Think we have got issues? Given that the fundamental nature of the Gospel is inclusion not exclusion we got a decent starting point to consider issues, but the early church had a big one. Not simply the inclusion of the Gentiles – that hope was always there – but on what basis. [An aside for the curious or more accurately an aside encouraging all readers to purchase ‘The LifeLine’ where I begin looking at the conflict between Peter and Paul, and take it further noting that Peter (!) came close to proclaiming another Gospel, and that Paul declared that pre-Damascus as a ‘blameless Jew as far as the law was concerned’ was actually a blasphemer!! Strong stuff, makes us all look a little sad when we get caught up in petty disagreements.]
I don’t think the solution in Acts 15 was to everyone’s satisfaction. I hear the grumbling that continued in the visit of Paul to Jerusalem when James asked him to get himself to the Temple with his mates and take some clear vows. Headquarters were certainly nervous when Paul was in town!
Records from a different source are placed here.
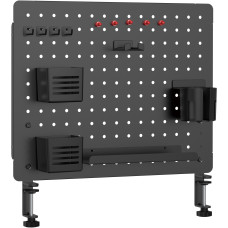 OfficePro DO1090B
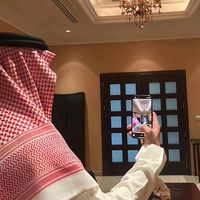 الصوت الأصلي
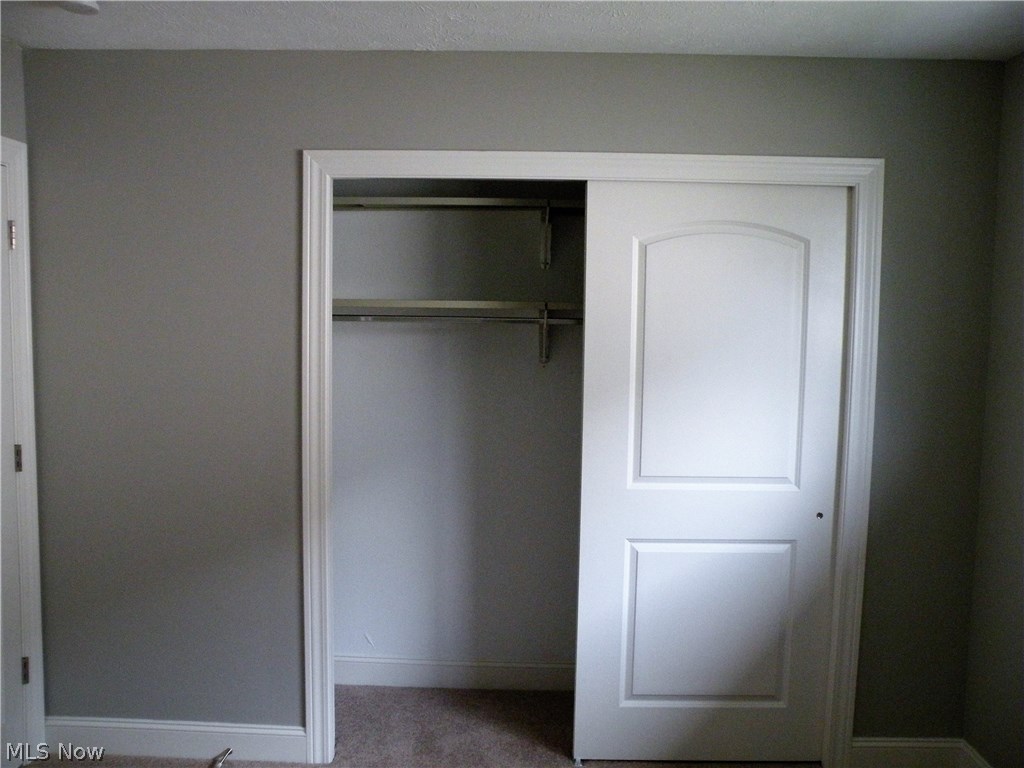 Indian Creek Estates - Residential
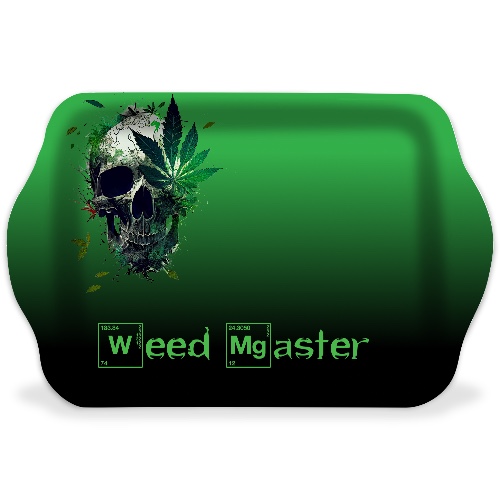 Design 650346 Rolling Trays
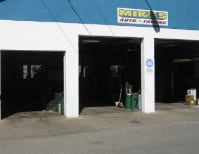 image description not provided by submitter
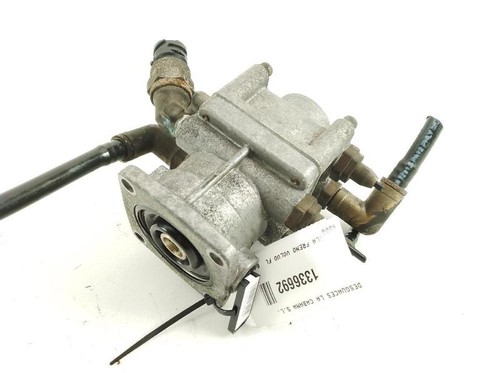 0481064117 engine brake valve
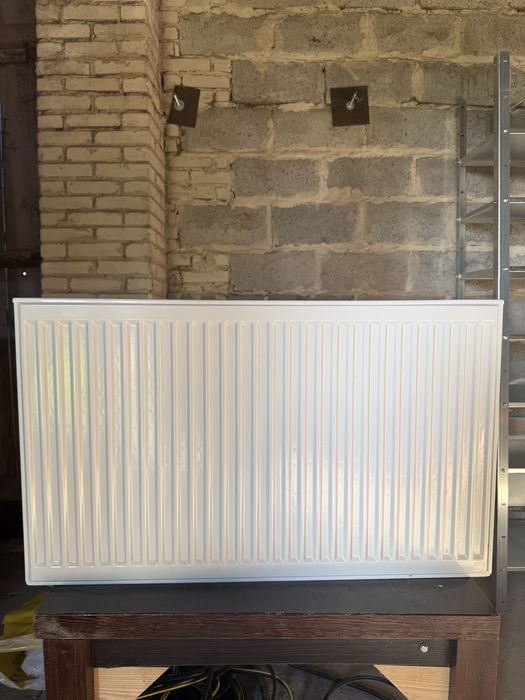 Grzejnik panelowy 60x1000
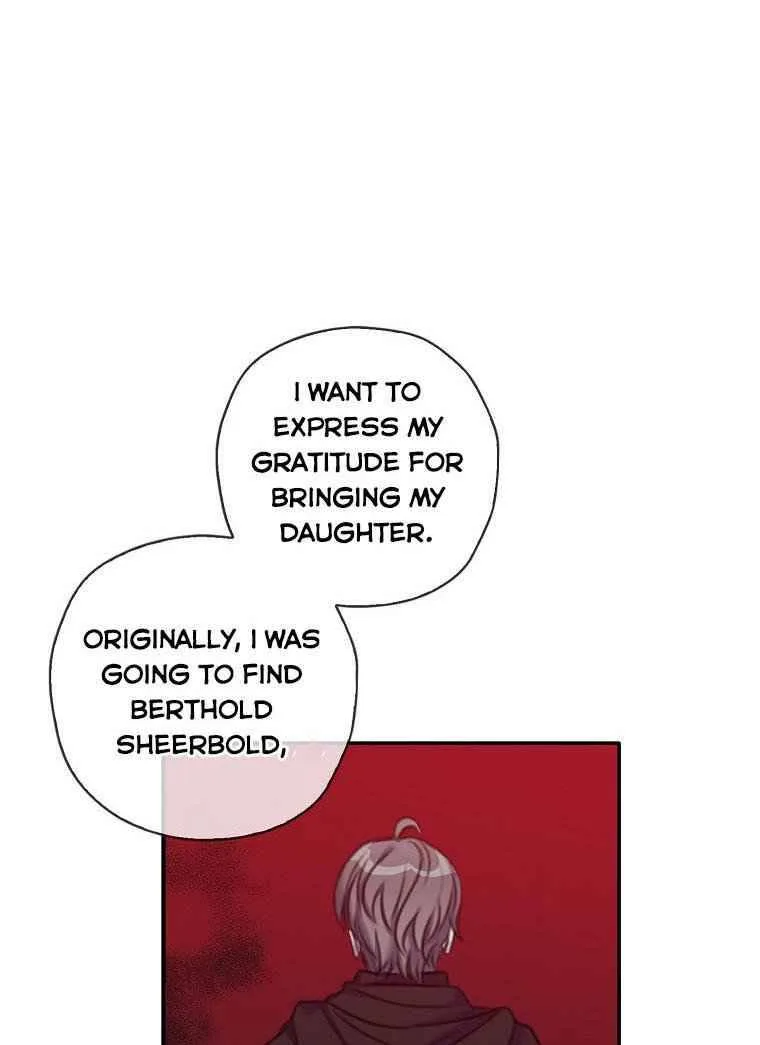 Born as the Daughter of a Wicked Woman Chapter 23 page 80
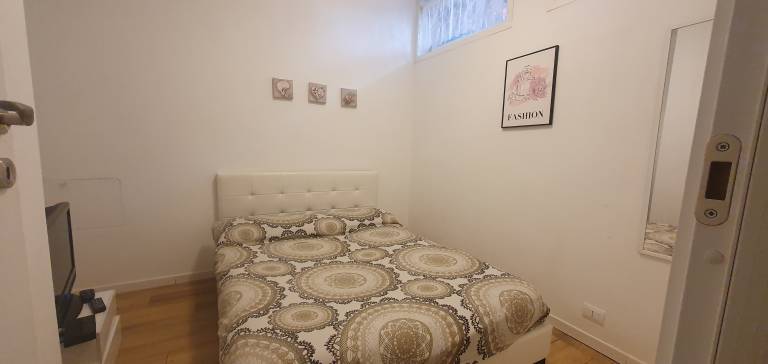 Casa vacanze Marina di San Nicola — photo 5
The good part of the solution is that Paul and Barnabas (later Silas) could continue with their apostolic work to the Gentiles. That aspect seems brilliant. Others (notably Peter) worked among the Jews. A clear division of work – maybe a compromise, but I think God loves to compromise, and when we do, when it is set in a redemptive / eschatological framework. The division was not absolute with some overlap in the middle; the relationships probably remained somewhat strained but they seemed to hold together, or at least make room for some interaction down the line. So good that what is recorded is not perfect… redemption is a bridge to what is here with an eye on what is eschatological – what is not yet here.
There have been those who argue that the Jerusalem Council cut the ties to the root of the plant, opening a separation between Jew and Gentile, and that the Council should in some way be reversed. Maybe though it did not go far enough? That is always the problem with compromises when they are understood as the conclusion rather than a step along the way.
The real separation (my little thought) is not at the Jerusalem Council, for I actually think it did not go far enough, but in the post-New Testament work among the Gentiles, with the adaptation of the earthy Jewish Gospel for an other-worldly Platonic gospel.
For me Acts 15 was a healthy compromise, not the finished product; post-New Testament then accelerated the divide. For those reasons I think the current perspective of Jesus as the Jewish prophet, the true Israel gives us real hope. It de-hellenises the Gospel so it is no longer about ‘going to heaven’ but about transformation of here (hence the need for a belief in the resurrection), and it pulls us back from a Zionism that looks for some restoration of the land (promised land? but Abraham was not promised the land according to Paul…) Maybe the gap can be closed, but until there will be compromises.